Voilà jusqu’à quel point un chrétien dégagé de tous les scrupules de vaine métaphysique, ose ouvertement, à la divinité de Dieu, joindre ce qu’il a si bien appelé l’humanité de Dieu ! Voilà jusqu’à quel point, foulant aux pieds tous les préjugés et toutes les pudeurs scolastiques, à la religion de l’homme pour Dieu, il ose joindre hardiment la religion de Dieu à l’égard de l’homme ! Et où donc, dans toute l’histoire de notre race, l’humanité de Dieu apparaît-elle avec plus de force, faisant vibrer ce qu’il y a de plus intime et de plus profond dans les émotions de notre âme, qu’en Jésus-Christ Fils de l’homme et Fils de Dieu, en Jésus-Christ, l’homme parfait qui a pu dire : « Celui qui m’a vu, a vu le Père » ? Où donc dans toute l’histoire de notre race, la religion de Dieu à l’égard de l’homme se marque-t-elle en des traits plus touchants que dans cet Évangile où notre cœur frémissant contemple et adore un Dieu qui donne au monde, un Dieu qui sacrifie à l’homme son Fils bien-aimé, un Dieu qui prie, qui supplie l’homme d’agréer ce sacrifice et de se réconcilier avec lui ! Voilà le Dieu amour qui provoque l’amour ! Voilà le Dieu qu’il faut au vrai sentiment religieux ! Un tel Dieu — laissez-moi enfin le proclamer — un tel Dieu est trop humain pour avoir été inventé par l’homme ! Et je conclus : dire que nulle part la personnalité de Dieu n’a été plus profondément sentie que dans le christianisme, c’est dire qu’aucune autre religion n’a été plus religieuse que le christianisme, c’est dire en vérité que le christianisme est la religion par excellence, la religion parfaite, et dire que le christianisme est la religion parfaite, c’est dire que Dieu existe, que l’Évangile vient de Dieu, et que Jésus est bien le chemin, la vérité et la vie[42].

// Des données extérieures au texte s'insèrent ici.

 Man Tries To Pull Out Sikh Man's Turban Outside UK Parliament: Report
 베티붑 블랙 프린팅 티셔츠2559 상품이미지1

[42] Est-il besoin de dire qu’il s’agit ici d’une induction, non d’un syllogisme ? On trouvera des inférences de ce genre développées dans les ouvrages de l’Américain Fiske.
II
Le sentiment religieux est un sentiment qui se déploie dans des relations personnelles entre l’homme et une divinité conçue comme personnelle. Mais de même que la vie sociale ne se réduit pas au sentiment social, de même aussi la religion ne se réduit pas au sentiment religieux. Dans des relations vivantes de personne à personne, c’est la personne tout entière qui se trouve et ne peut pas ne pas se trouver engagée. Or, au point de vue psychologique, dans la constitution de l’être humain, le sentiment n’est pas tout : la volonté, l’intelligence s’y montrent aussi intégrés. Est-il besoin de protester que nous n’avons aucune superstition pour le chiffre 3 et que nous tenons pour bien et dument enterrée la vieille théorie classique des facultés séparées, des entités chères à la philosophie écossaise et à la philosophie éclectique ? Il est plus nécessaire de repousser toutes les tentatives faites pour réduire un de ces termes à l’autre, de nous refuser comme M. Ribot à voir dans les états affectifs des états secondaires, dérivés, superficiels, « de l’intelligence confuse », de résister aux efforts dialectiques de Secrétan pour faire sortir l’intelligence de la volonté par un retour ; une réduplication sur soi-même : la méthode psychologique ne sanctionne pas ces subtiles transformations métaphysiques. Autre chose est le sentir, autre chose le vouloir, autre chose le penser.